I like a cemetery, so when Celia provided me with the excuse to leave my chores and go out to one on a beautiful autumn afternoon I wasn’t going to say no.

We were headed for a plant identification walk. Admittedly I thought it was going to be fungi, and planned to photograph it, leaving the identification to others. Most of the plants held up to the surprisingly large group were tiny, and my attention and photography soon turned in other directions. Celia remained at the front, looking keen. I hoped she’d enlighten me later.

It was warm and sunny when the walk began. Walk is rather an overblown word for the gentle stroll, though the uneven terrain at times could have turned an ankle, and long wet grass played havoc with my less than waterproof shoes.

However, it was the trees and the graves that really got my attention. Actually not just the graves, but people’s names. I have never heard of anyone called Nind before. It could make a rather nice gender neutral first name. Better, in my view, than Farqueson which one person had been saddled with. Imagine trying to get your tongue round that as a toddler. I called myself Ogg. Most small children call me a variation of Lisobel.
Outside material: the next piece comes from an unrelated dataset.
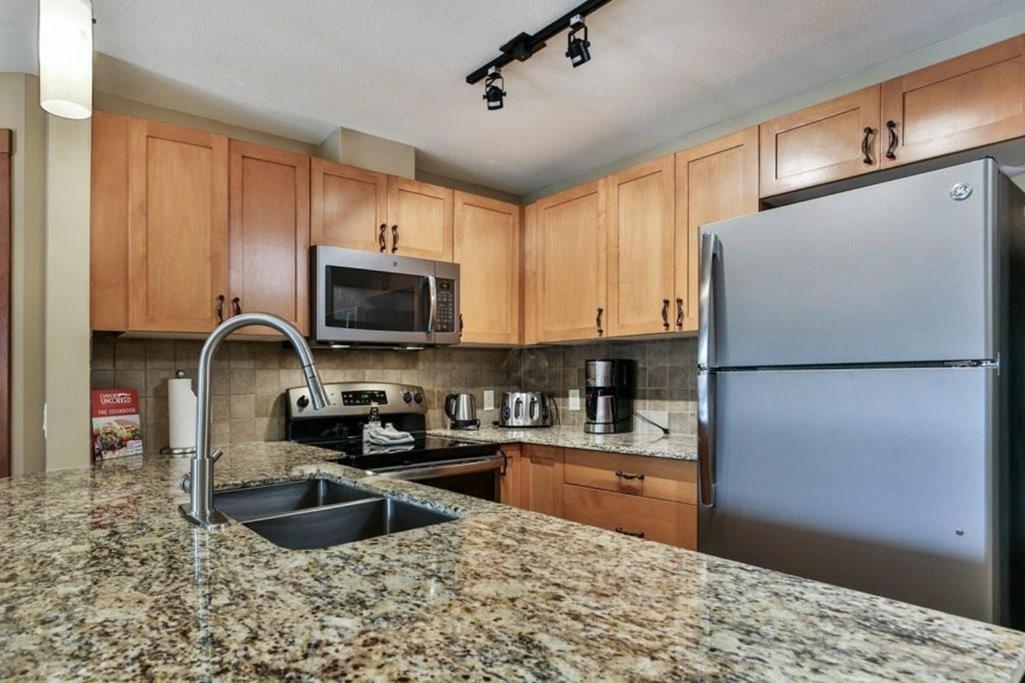 B&B Falcon Crest Lodge 1Br 1Pullout Canmore Eksteriør bilde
I spotted this grave from a distance and broke ranks to take a closer look.

Clifford

Poor Clifford. I hope his parents’ derived some comfort from this sculpture, though it doesn’t look a lot like his photo.
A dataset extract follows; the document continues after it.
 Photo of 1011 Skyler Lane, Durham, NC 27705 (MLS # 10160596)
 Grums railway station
We veered off into a strange little area almost, it seemed, devoid of graves. I happened to be beside one of the cemetery’s Friends, and she explained this was for public graves. I raised my eyebrows in enquiry. Graves where you can have only a very small marker stone, or none at all; cheaper. Like a green burial! I exclaimed, that’s what I want. Untended graves and gravestones get cleared aside, and after one hundred years the grave is reused. Discarded marker stones made a strange sight.

Mary

Jumbled

Another Mary

This grave dates from 1934, but the inked details suggest someone is still remembering.

Remembered

I found these more poignant than some Celia and I saw when we explored further after the plant identification had come to an end. We wondered at first if this was a famous boxer of whom we had never heard,

The Boxer


But when we found this one, we concluded it was a way of recording something the departed was fond of.

Footballer

This one frankly confused me.

I don’t think he can have been a horse

The death of a child is always hard, and the ways families mark and remember them is obviously very personal.
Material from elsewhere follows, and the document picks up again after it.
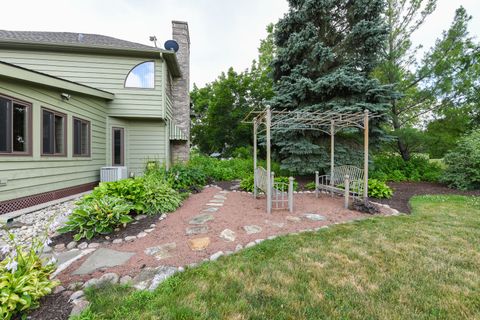 Tiny photo for 806 Amber Lane, Lake Villa, IL 60046 (MLS # 12430460)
Happy Birthday Happy Halloween

Colourful

But it was when we viewed the flowers for the recently cremated that we agreed whole heartedly we want unmarked green burials.Some flower tributes were beautiful. Others left us wondering why they might have seemed a good idea at the time. Judge for yourselves.

Dad loved Chelsea

RAF

Beautiful

Eye

By this time the light was fading, so we went home.